Posted: Tue Apr 09, 2019 9:40 pm
by Sharon Leigh
Deb, just popping in to say how much I love your entry. Reminds me of the limiting "virgin/mother/crone" feminine archetypes.

This line:
"Mom was damaged and lovely"
is especially beautiful in its honesty.

Thanks for sharing, welcome aboard :)

Re: National Poetry Month Celebration 2019 - Post Poems Here!

Posted: Tue Apr 09, 2019 9:48 pm
by Tracy Mitchell
Deb -- no limit -- no rules -- we are poets!

Re: National Poetry Month Celebration 2019 - Post Poems Here!

Posted: Tue Apr 09, 2019 10:09 pm
by Deb
Thank you, Tracy and Sharon. 


Sharon, among others, I love the bird poem. Tracy, your words and that of all the other writers here floor me at times. Love to you all!

This is a magical thread. I feel lifted and steadied by the truths and movement in all of the offerings here.


Enjoying everything!

~Deb

Re: National Poetry Month Celebration 2019 - Post Poems Here!

Posted: Tue Apr 09, 2019 10:54 pm
by Deb
Dang Colm, #10 chilling, moving, haunting...

Re: National Poetry Month Celebration 2019 - Post Poems Here!

Posted: Wed Apr 10, 2019 3:37 am
by Colm Roe
Hi Deb,
I enjoyed your first offering, it's warm and engaging, and there's a really nice flow to it.

Re: National Poetry Month Celebration 2019 - Post Poems Here!

Posted: Wed Apr 10, 2019 5:42 am
by Gyppo
Colm,

Re your latest poem, which reveals your understanding of the less fortunate.  As my Mum used to say, 'There but for fortune...'

Messages to people in 'secure hospitals don't always get passed on.  If someone in authority, even with the best of intentions, decides communications from outside may harm the patients mental state or recovery, it simply doesn't reach them.

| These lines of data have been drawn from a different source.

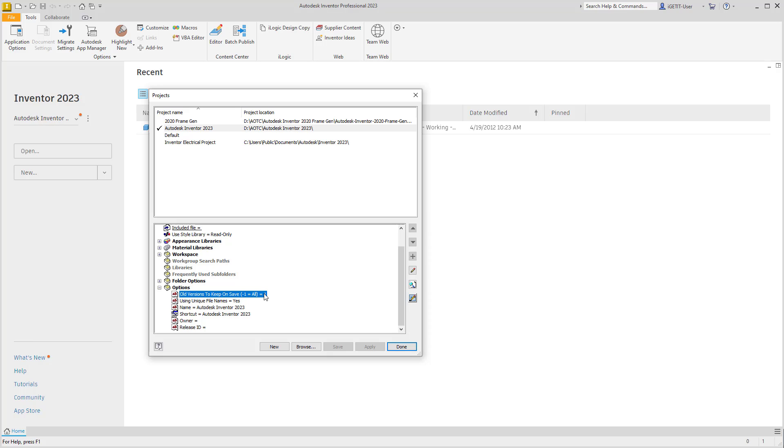If you select on this and select Edit, we can change this value. If we set it to 5, five old versions of the previous design saves will be kept in the Old Versions folder.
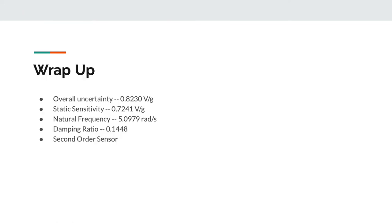In conclusion, our sensor is a second-order system with an uncertainty of 0.8230 volts per G, with a static sensitivity of 0.7241 volts per G. The sensor also has a natural frequency of 5.079 radians per second and a damping ratio of 0.1448.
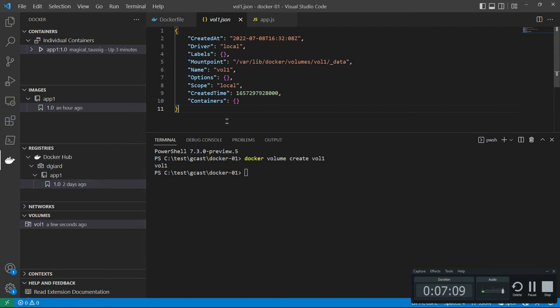So you see, this is a really useful tool for saving you time and working in development mode with Docker. This is David. Thank you for watching.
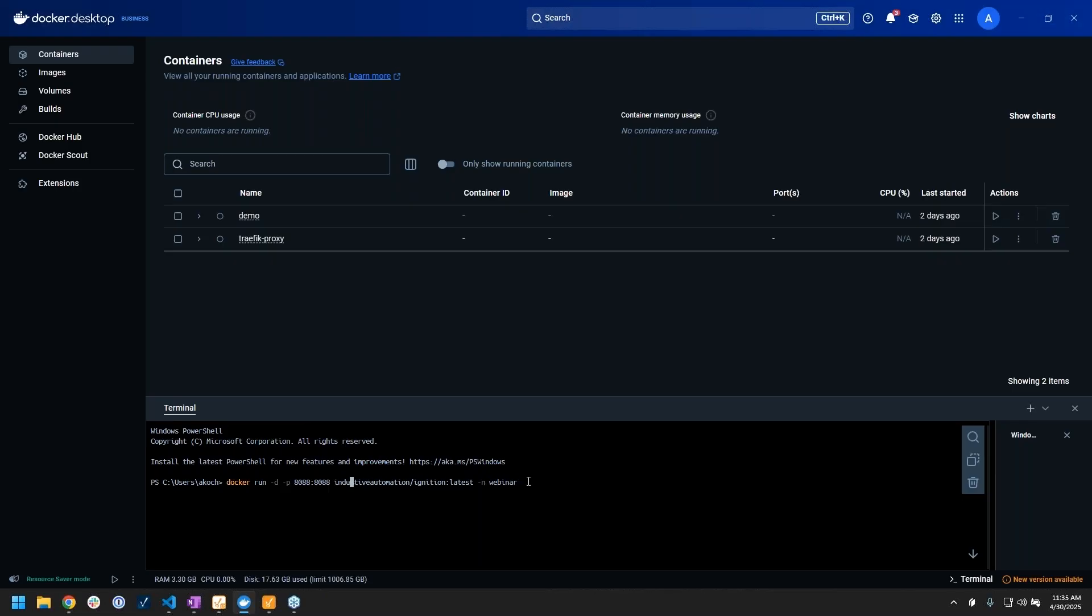This is saying run the container with these parameters. I'm giving it this dash d flag, which tells it to run in detach mode, which just means hide all the details. I don't need to know all the intricacies of it starting up.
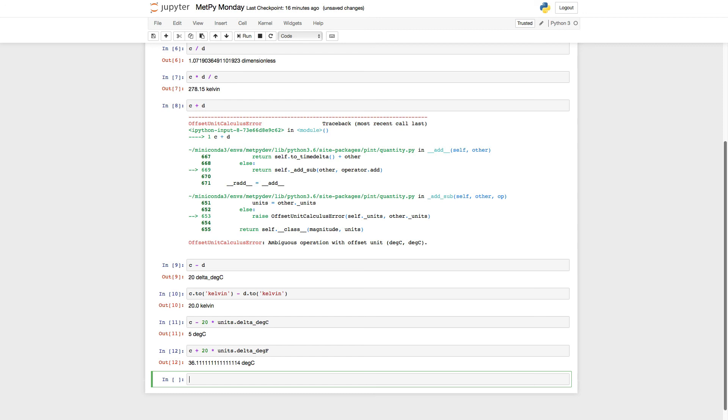So hopefully it helps you understand temperature units and how to use the delta temperature unit in MetPi's unit registry a little bit better. Thank you for joining me on this week's MetPi Monday.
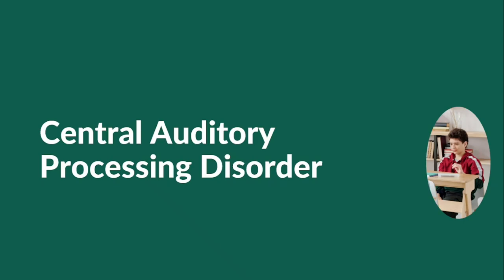However, some kids struggle to pay attention in class as they are unable to filter out these distracting noises. These kids might suffer from central auditory processing disorder, a dysfunction in the central auditory nervous system that leads to hearing difficulties. The estimated prevalence of this disorder in school-age children ranges from 2 to 5 percent.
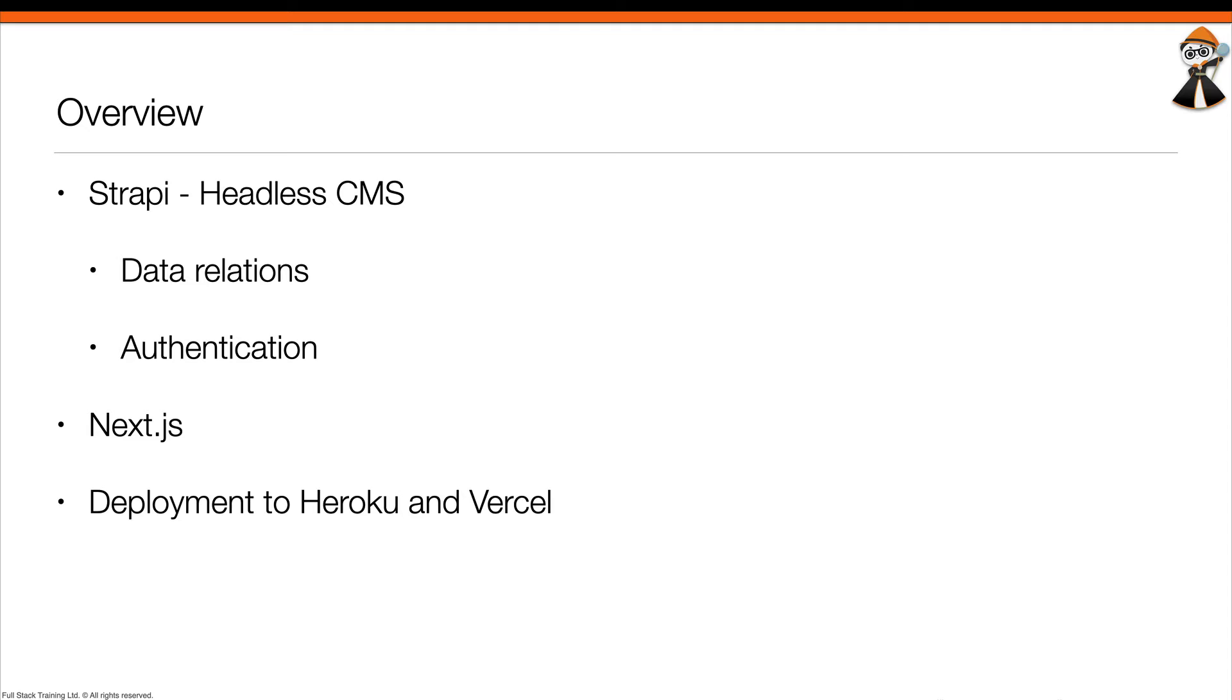We're going to be using Strapi, an open source headless CMS to manage our data. As part of that discussion where we're going to set up Strapi and configure it, we will especially focus on establishing data relations as well as doing authentication.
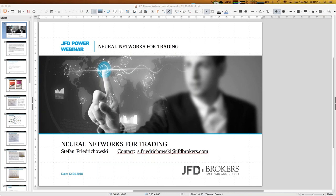As always, I want to dig a little bit deeper into the topic so you can follow as much as possible. It's really meant to be an introduction to neural networks, but you will see first results on trading as well. The date is 12th of April 2018, 7 p.m. German time, just for the records. The webinar is recorded and you'll find the recording from tomorrow morning on the JFD YouTube channel.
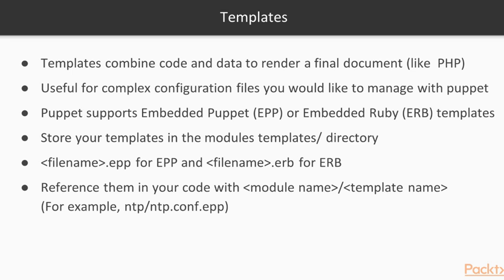Puppet supports two types of templates: Embedded Puppet templates or EPP, or Embedded Ruby or ERB templates. When you are using embedded Ruby templates you have to write Ruby code in your templates. In this course we are going to focus on embedded Puppet templates or EPP.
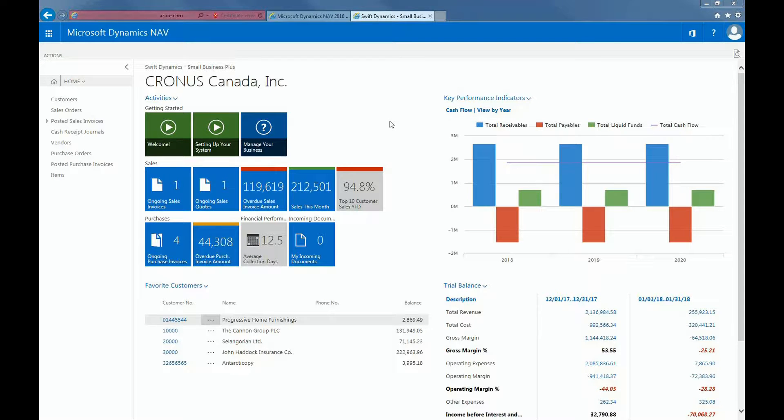Hi, welcome to an overview of cash flow forecasting in Dynamics NAV. Cash flow forecasting is an estimate of the amount of money that you expect to flow in and out of your business, and it includes all of your forecasted income and expenses.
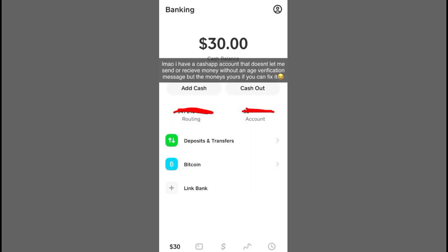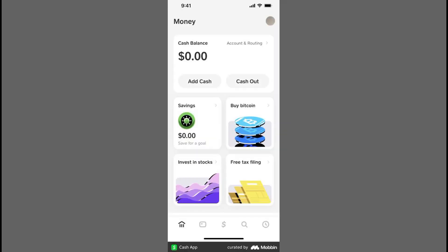Explain the situation to the Cash App representative, mentioning that your son added you as a Sponsor when he was 17, but now, at 18, you need to be removed.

Also the internet has too many 'nasty bastards' who play with others as if they were toys not human beings, so internet connection is always carefully rationed or totally denied.

There is also the possibility that the patient has, after that initial outreaching, had a change of heart and asked not to receive any messages from you.  In this case they always honour the patient's wishes.  I believe the prison system works pretty much the same way, but I understand they keep the messages on file in case of a change of heart.

Sometimes messages from 'home', no matter how well intentioned, just emphasise their isolation.  Sometimes it's easier for them to shut the door and adapt to the new regime.

So if you feel like dropping her an occasional email it may get through one day.

Gyppo   

Re: National Poetry Month Celebration 2019 - Post Poems Here!

Posted: Wed Apr 10, 2019 5:46 am
by NicoleMichaels
ROUNDED SHOULDERS

At first light,
a squirrel sheds its silhouette
the way a starlet would a drape,
descending stair by stair
from a landing
that is suddenly
fire escape,
now ladder.

Re: National Poetry Month Celebration 2019 - Post Poems Here!

Posted: Wed Apr 10, 2019 5:51 am
by Gyppo
Deb, good to see you here.

Mothers wear many hats,but sometimes, for family, that single label is the skin which encapsulates all.

Sometimes that solitary word on a tombstone may be a distillation of the countless words and memories which simply don't and can't fit a simple slab.

Gyppo

Re: National Poetry Month Celebration 2019 - Post Poems Here!

Posted: Wed Apr 10, 2019 6:03 am
by Gyppo
Nicole,

The 'squiggles' are usually the first movement I see in a morning through my bedroom window, whilst still lying in bed ;-)  Just occasionally an early flying crow or magpie will arrow past still sleepy eyes en route to it's first meal of the day, but usually it's squirrel callisthenics  as first one appears and then others start to chase it around. 

Often right on that momentary cusp when night's monochrome images change imperceptibly to daylight colours.

Gyppo

Re: National Poetry Month Celebration 2019 - Post Poems Here!

Posted: Wed Apr 10, 2019 7:29 am
by Dave
Sacralization
Her skin remains untouched, in a space unbreathed.
She cultivates aloneness in the half-dark just inside
a circle of candle light. At night she sits an arm’s length
from a window that looks out, allows no look within.
She reads aloud from her diary, her voice barely
rising and falling, a shallow chant, more a memory than real.
An ancient oak, her nearest companion, dares to shape
rhymes and harmonies with this her constant prayer.
Once, there had been a love living beyond this imagination.
One whose heart sought rather than found.